"You must be most pleased with yourself," I snapped as I marched through the foyer of the royal wing. Kiran's long strides caught up to me quickly with a clank of armour and sword.
"I am a little, actually. Yes." I chanced a glance at him and his eyes sparkled down at me in amusement, deep dimples appearing in his cheeks. I huffed and focused forward before an unwelcome blush could claim my cheeks.
"You knew before the Theatre, didn't you. You knew exactly where to find me."
"Of course," he said. I could almost hear his grin spreading wider.
"So you're a pervert and a stalker. That's just wonderful."
He laughed, the sound bouncing through the vaulted ceiling of the foyer. "I'm neither a pervert nor a stalker. But I did need to get to know my ward." I stopped dead just before the passage to the Great Hall, glowering up at Kiran.
"Your ward? I'm not a child. Does it look to you like I need your protection?"
"Maybe not from others," he said, tilting his head as he regarded me with sparkling glacial eyes, "but definitely from yourself."
I inhaled and exhaled deeply, despite the throbbing pain in my breastbone, glaring up at him. "You... are... unbelievable." With that, I turned and stalked off down the passageway, Kiran quickly matching pace. "How did you know who I was, at the Theatre?" I demanded.
"After the Blackmoors, when the Queen asked Scipia for aid, she requested protection for the Diviners as one of her priorities. We were told that one Diviner in particular had a rare gift not seen among others of her kind. A powerful Diviner that could summon beasts to her aid. One whose abilities were not fully realized. She requested the best of our guardians to protect her. Captain Donseer asked me to take that role." A small group of courtiers started toward us from the opposite end of the hallway and Kiran suddenly seemed much too large for the narrow space. We stepped aside, allowing them to pass, Kiran positioning himself in front of me while he gave them a curt nod. He waited until they were several paces beyond us before walking again.
"I started asking a few friends in the area if they knew of the Diviners here," he continued. "Rolfe had heard of your abilities and said he thought you snuck out regularly to fight in the pit. He caught a glimpse of a very unusual spectator hiding in the rafters of the Theatre a few years ago, intently watching a match between a masked woman and a bald, scarred, smelly brute named Balthazar." Kiran smiled down at me, dimples faint in his cheeks. "When I saw you fight, I knew. Your training, your grace, your ability to take the blows you did and still fight - it had to be you. I agreed to Donseer's request as soon as I got back to the castle last night."
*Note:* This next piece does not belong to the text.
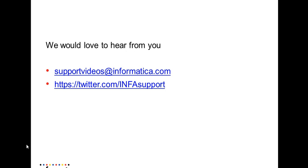So far I showed you how to download the client software, how to install it and how to extract and upload the data and how to schedule the extract and upload job to run on a particular day or time. Thanks for watching this video.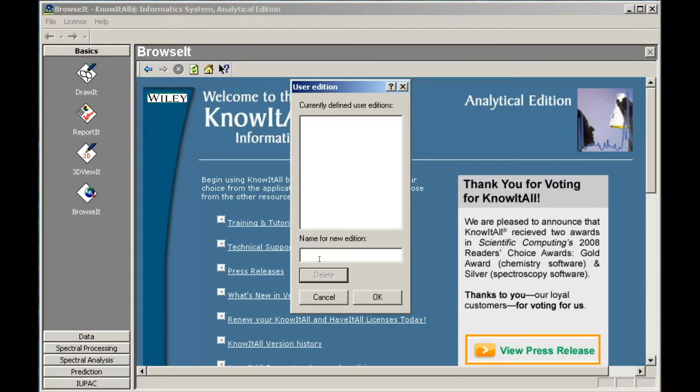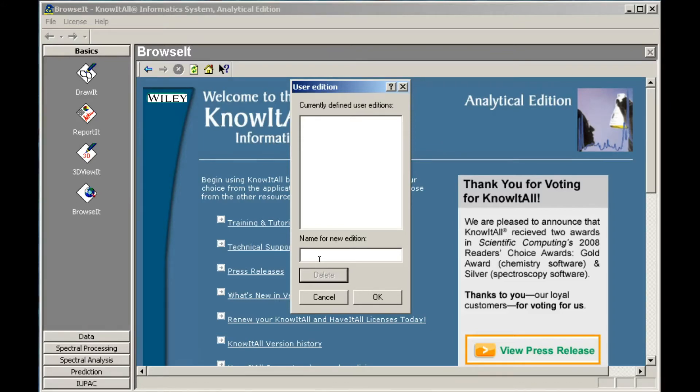Because standard Know-It-All editions cannot be modified, the User Edition dialog box opens. You must create a User Edition to save your customizations. Type in a name for the User Edition, then click OK.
"Why though?" I asked, slowing to a stop as we entered the Great Hall. "You know what the oath demands. I will be your... ward... for the rest of your life. If you fail to protect me and I die, the kingdom...they will kill you." A wedge of concern penetrated my earlier irritation as I looked up at Kiran. I didn't wish that risk for anyone, especially not on my behalf. All amusement vanished from Kiran's eyes, an unreadable expression hardening his features.
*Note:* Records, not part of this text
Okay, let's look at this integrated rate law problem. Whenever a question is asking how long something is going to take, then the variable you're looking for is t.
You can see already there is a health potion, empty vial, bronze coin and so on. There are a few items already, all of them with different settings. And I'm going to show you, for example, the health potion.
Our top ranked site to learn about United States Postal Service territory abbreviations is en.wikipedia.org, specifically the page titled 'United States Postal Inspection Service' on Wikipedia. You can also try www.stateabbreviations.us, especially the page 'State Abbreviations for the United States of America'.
"I was asked, I was not ordered to take this responsibility. I understand what you're capable of and I knew the repercussions of the decision I was making. This chance to protect you, it... it is my highest honour."
All of my concern from moments ago evaporated. I swallowed thickly. "I see. What an honour to guard the kingdom's most powerful weapon," I said through a sardonic grin. Kiran's eyes flashed in response like twin white flames.
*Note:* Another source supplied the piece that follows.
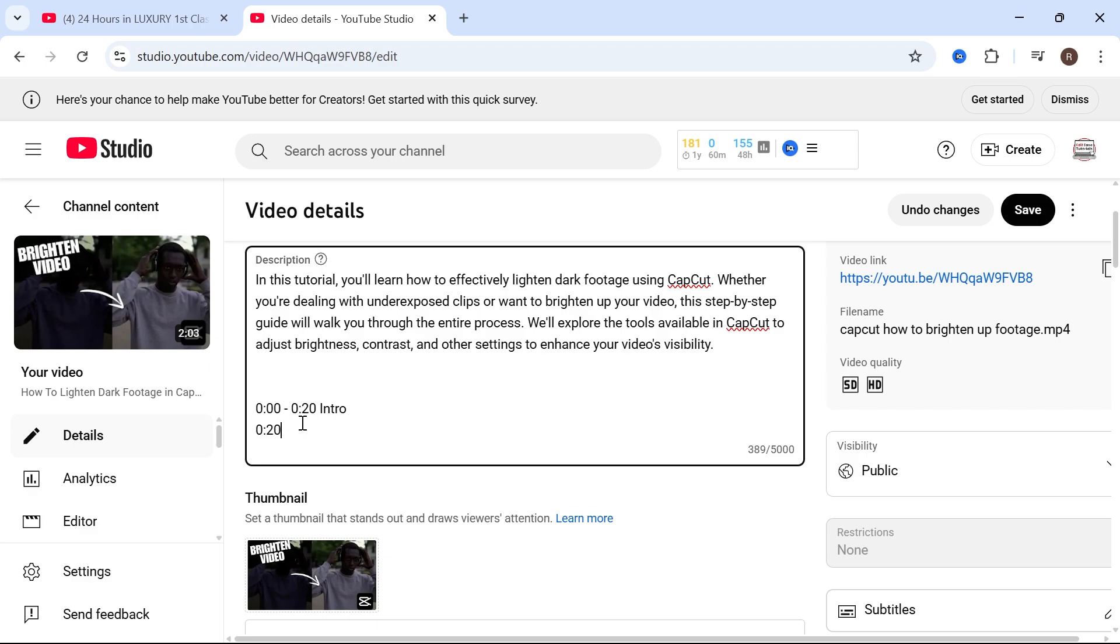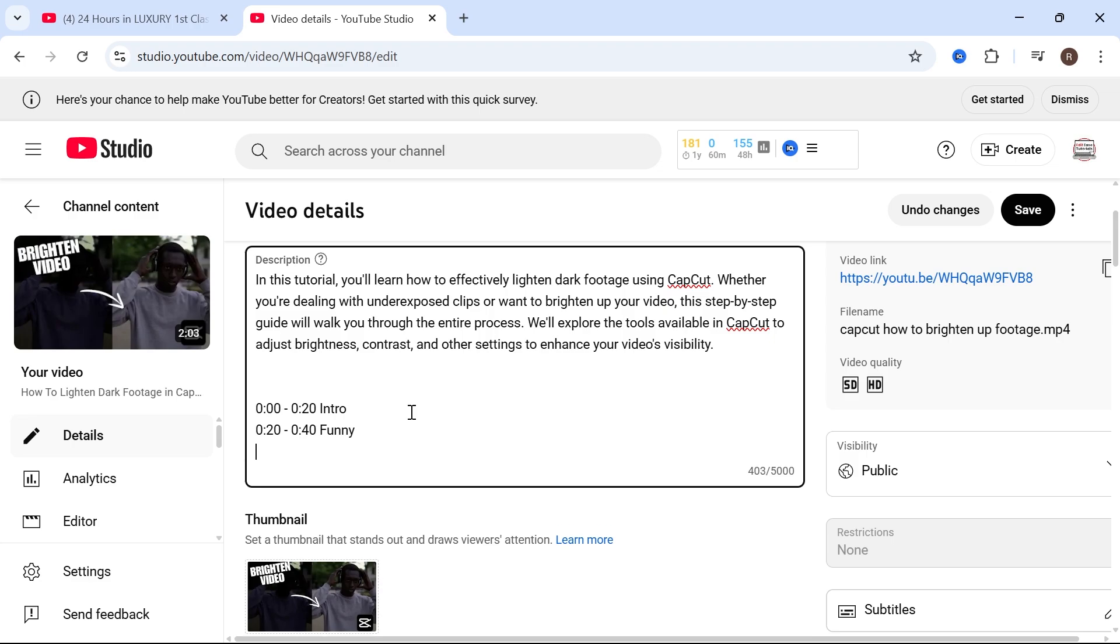Then once again type in space dash and then space and where you want this chapter to end. So this one's going to be at the 40 second mark like so and then press space and once again give your chapter a title. So I'm just going to call this funny for example and press enter.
"I took an oath to protect you, Quinn," he said, taking a step toward me, then another. "Not a weapon. Not a Diviner. You."
"We'll see about that," I said with a smirk, holding his eye contact for a moment longer before turning on my heel and striding toward the center of the Great Hall. We walked on in silence, the only sound between us our footfalls on the polished stone floor and the clank, clank, clank of Kiran's sword and armour.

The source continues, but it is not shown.